0
votes

In our training set, we performed feature selection (ex. CfsSubsetEval GreedyStepwise) and then classified the instances using a classifier (ex. J48). We have saved the model Weka created.

Now, we want to classify new [unlabeled] instances (which still has the original number of attributes of the training set before it went under feature selection). Are we right in assuming that we should perform the feature selection in this set of new [unlabeled] instances so we could re-evaluate it using the saved model (to make the training and test sets compatible)? If yes, how can we filter the test set?

Thank you for helping!

3

3 Answers

0
votes

Yes, both test and training set must have the same number of attributes and each attribute must correspond to the same thing. So you should remove the same attributes (that you removed from training set) from your test set before classification.

0
votes

I don't think you have to perform feature selection on the test set. If your test set already has the original number of attributes, upload it, and in the "preprocess" window, manually remove all the attributes that were removed during the feature selection in the training set file.

0
votes

You must apply the same filter to the test set , that you have previously applied to the training set. You can use the WEKA API for applying the same filter to the test set as well.

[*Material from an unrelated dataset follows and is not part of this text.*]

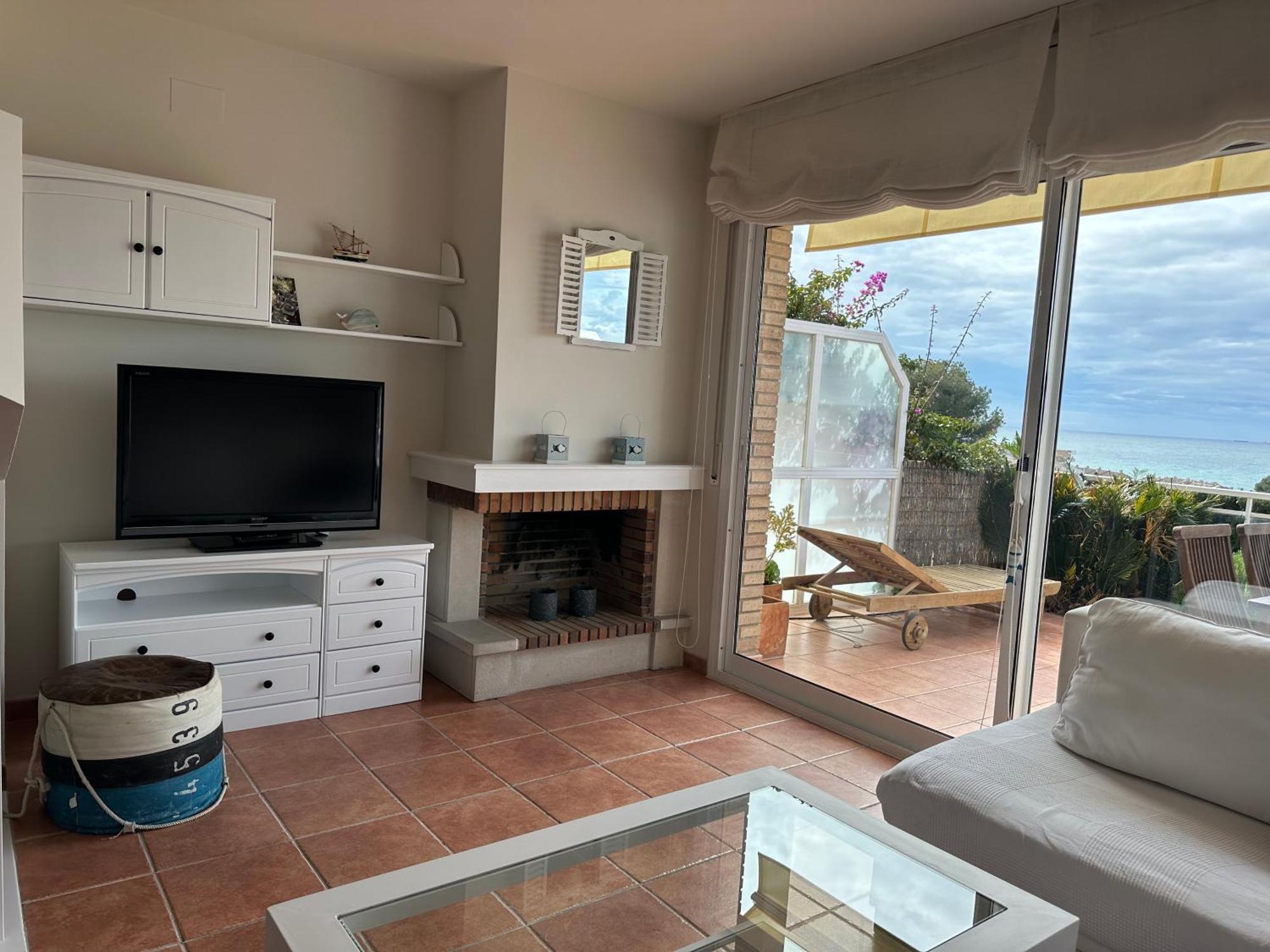 Hermosa casa con espectaculares vistas al mar y a tocar de una idílica calita Altafulla Exterior foto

Instances trainSet = //get training set
Instances testSet = //get testing set
AttributeSelection attsel = new AttributeSelection();//apply feature selection on training data
CfsSubsetEval ws = new CfsSubsetEval();
GreedyStepwise search = new GreedyStepwise();
attsel.setEvaluator(ws);
attsel.setSearch(search);
attsel.SelectAttributes(trainSet);

retArr = attsel.selectedAttributes();//get indicies of selected attributes

Filter remove = new Remove() //set up the filter for removing attributes
remove.setAttributeIndicesArray(retArr);
remove.setInvertSelection(true);//retain the selected,remove all others
remove.setInputFormat(trainSet);
trainSet = Filter.useFilter(trainSet, remove);

//now apply the same filter to the testing set as well
testSet = Filter.useFilter(testSet, remove);

//now you are good to go!